Want to Fight Inflation? Let’s Cut CEO Pay

 


The best indicator of how our economy is doing isn’t GDP or the stock market — it’s the economic health of working Americans. When paychecks are growing, people spend that money, and their growing consumer demand creates new jobs. When people lose jobs and income, that consumer demand dries up and more people lose their jobs in a vicious cycle.

Part of the reason why the economy has been so strong despite inflation over the last year is the fact that the labor market has been tight and wages have been growing. But the Federal Reserve mistakenly believes that your paychecks — not a broken supply chain and corporate price-gouging — are the reason why prices are skyrocketing. They’re explicitly targeting job growth and wage growth in an attempt to cool the economy down, and they’re crystal clear that they will continue to raise rates for the foreseeable future.

There’s no evidence that the Fed might finally be succeeding in its economic self-sabotage. Sydney Ember and Ben Casselman write in the New York Times:

Americans in July quit their jobs at the lowest rate in more than a year, a sign that the period of rapid job switching, sometimes called the Great Resignation, may be nearing its end. Wage growth, which soared as companies competed for workers, has also slowed, particularly in industries like dining and travel where the job market was particularly hot last year.

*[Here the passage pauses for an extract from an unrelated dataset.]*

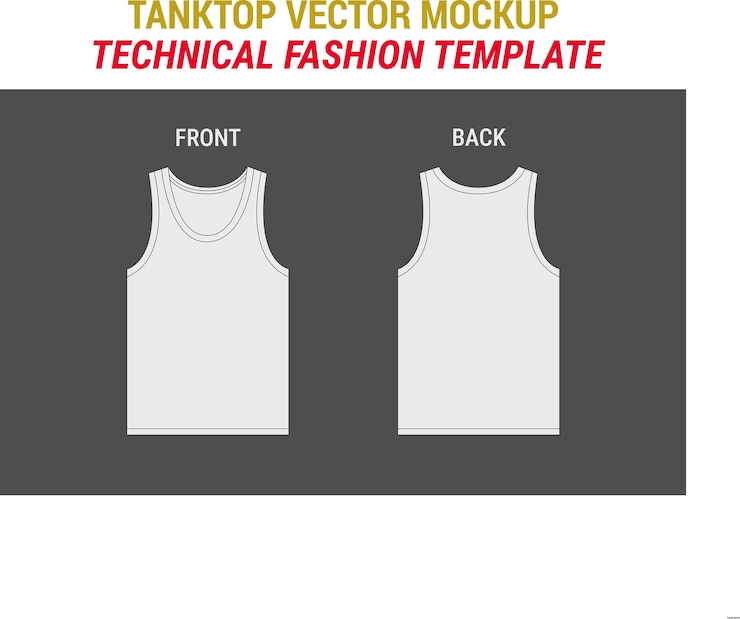 Vector tanktop mannen mockup sjabloon voor het ontwerpen van straatkleding tanktop vector flat technische tekening tanktops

To be clear, the labor market is still very strong, but for the first time in a couple of years, the arrows are pointing in the wrong direction. Layoffs are up slightly and job openings are declining slightly. And the Washington Center for Equitable Growth shows that these small declines are basically showing up across all industries:

But there’s one job title, in particular, that’s been defying gravity for decades — the one job in the country that is not concerned about wage growth at all. I’m talking, of course, about CEOS. A new study from EPI shows that in 2021, CEOs were paid 399 times the pay of the average worker, and those numbers have skyrocketed since 1990, with another huge bump in the last two years. This chart showing CEO-to-worker pay is breathtaking:

I can assure you that no American CEO works 399 times harder than their average employee. This isn’t the free market allocating value efficiently, as we were taught in our Econ 101 classes. This is a profession that is leveraging 40 years of trickle-down deregulation and wage suppression to its own benefit. CEOs are diverting corporate profit created by workers to their own bank accounts.

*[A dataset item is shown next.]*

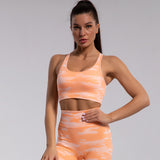 Woven Leopard Seamless 2 Piece Leggings Crop Top Set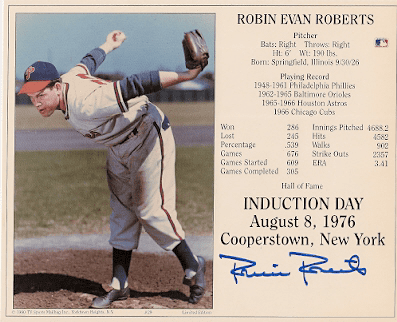 Autographed ROBIN ROBERTS Philadelphia Phillies 8x10 HOF Induction Day Card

The Fed has spent a lot of time recently claiming that millions of Americans need to lose their jobs and accept lower paychecks in order to decrease inflation. But not once has the Fed suggested that CEO paychecks are too high, or that increased corporate executive compensation is driving inflation.

The Latest Economic News and Updates

We Need to Talk About Housing

Because the Federal Reserve is raising interest rates, mortgage rates have spiked to 6.7 percent, making buying a home too expensive for ordinary Americans and driving down home sales. Mortgage applications are declining to below even the worst weeks of the pandemic lockdowns, and nearing the depths of the Great Recession:.

The rental market presents its own special inflationary problems. Small landlords are being pinched by rising costs and interest rates, while corporate landlords are reporting record profits. But no matter who they’re renting from, tenants have been paying much higher rents for the last two years and the slowing rate of increase we’re seeing in rents isn’t enough to relieve affordability pressures. And senior living home prices are soaring, which squeezes families struggling with their own rising housing costs.

With both rents and mortgages at very high levels, Bloomberg has characterized the average American as existing in a state of “housing paralysis,” and that’s a very evocative term — workers are paying a lot for housing, and they can’t afford to make the move to something bigger or smaller. If the Fed succeeds in causing millions of job losses in the next year or so, we could see a dramatic rise in the housing affordability crisis.

For much more on this subject, I’d encourage you to listen to the latest episode of Pitchfork Economics, in which Nick and I talked with economist Jenny Schuetz about how to repair the housing crisis. She explains that housing is in such bad shape in America that it’s going to take policy interventions on the federal, state, and local levels in order to meet the need.

Striketober, Part II

Last October was dubbed “Striketober” in the national media when union elections at Starbucks and Amazon warehouses began to dominate the news. The Guardian reports that this October could be a second “Striketober,” with union elections up nearly 60% over this time last year and a number of high-profile union actions in the spotlight for this fall.

As I write this, there’s also a potential high-profile grocery strike at a Krogers chain in Ohio that could see 12,000 workers take to the picket lines, along with several ongoing union drives at Starbucks, Amazon, and Trader Joe’s locations around the country.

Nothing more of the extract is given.